=== TASK DETAILS ===
From the line containing "istock Smiling man" to the final line of the material below, return every line exactly. Do not include pictures.

=== PROVIDED RECORDS ===
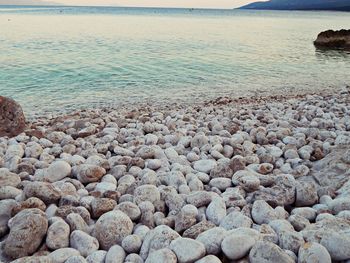 Pebbles on beach against sky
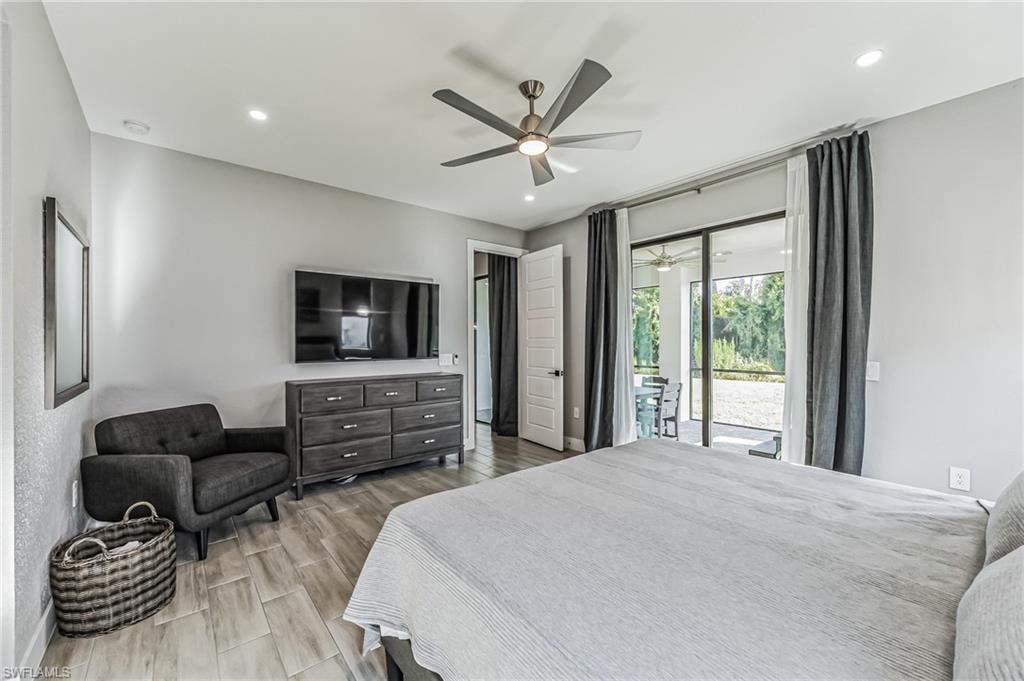 Light-toned wood-finish flooring extending throughout, recessed lighting, and a modern ceiling fan with integrated lighting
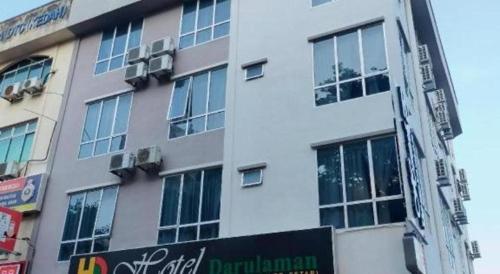 a tall building with a sign in front of it at Hotel Darulaman Alor Setar in Alor Setar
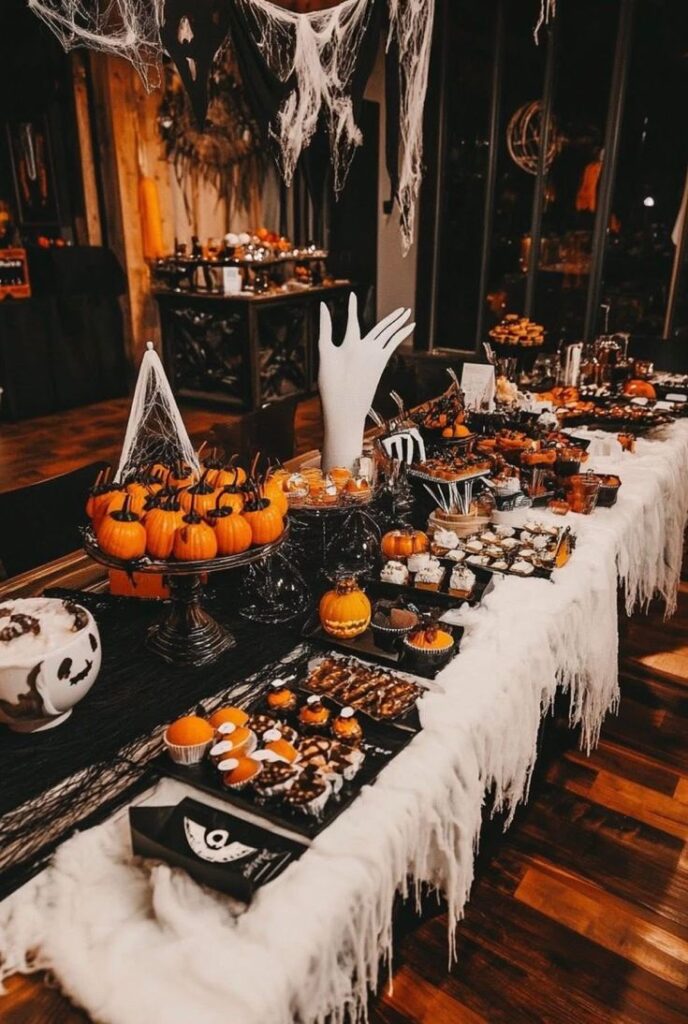 _ 18 Festive Halloween dessert table with pumpkins, cobwebs, and spooky treats. Creepy atmosphere perfect for a Halloween party. | Sky Rye Design Festive Halloween dessert table with pumpkins, cobwebs, and spooky treats. Creepy atmosphere perfect for a Halloween party.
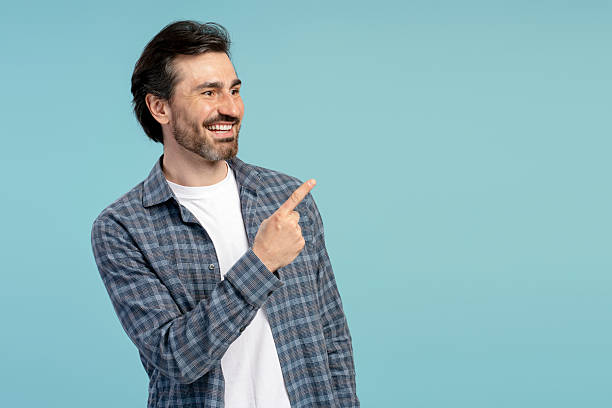 istock Smiling man pointing finger showing something on blue background 2209937599
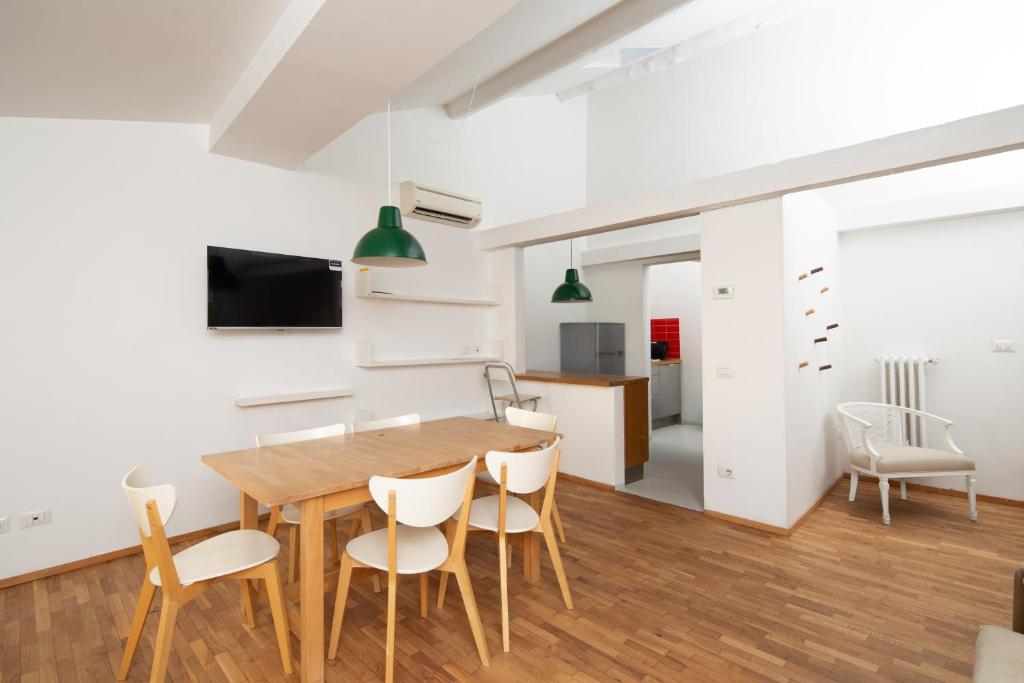 a kitchen and dining room with a wooden table and chairs at Ghiberti House in Florence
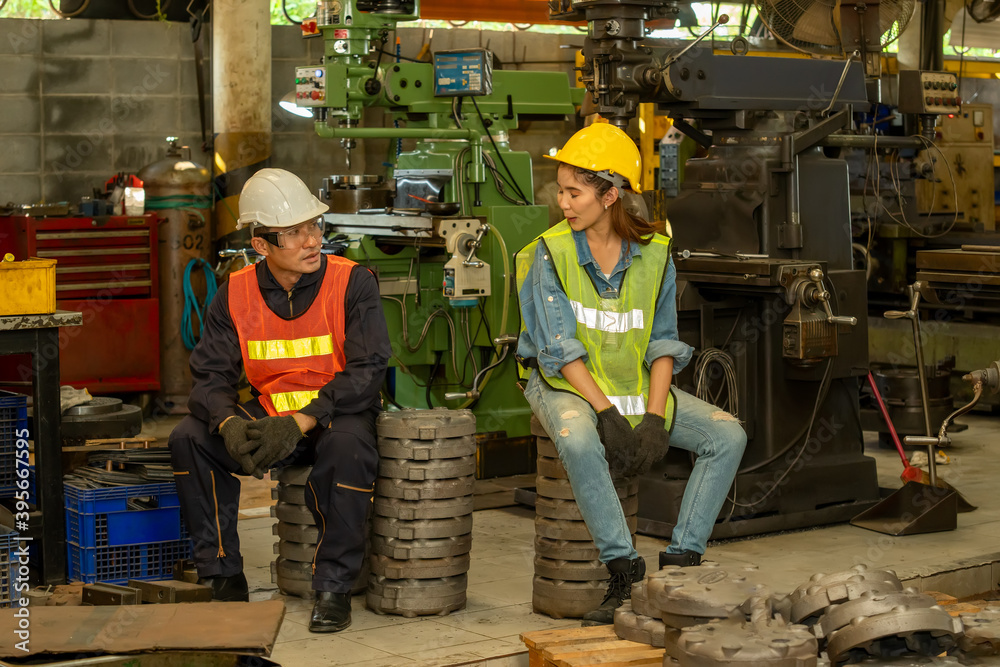 Poster industrial engineer discusses with factory worker at factory.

=== TASK RESPONSE ===
 istock Smiling man pointing finger showing something on blue background 2209937599
 a kitchen and dining room with a wooden table and chairs at Ghiberti House in Florence
 Poster industrial engineer discusses with factory worker at factory.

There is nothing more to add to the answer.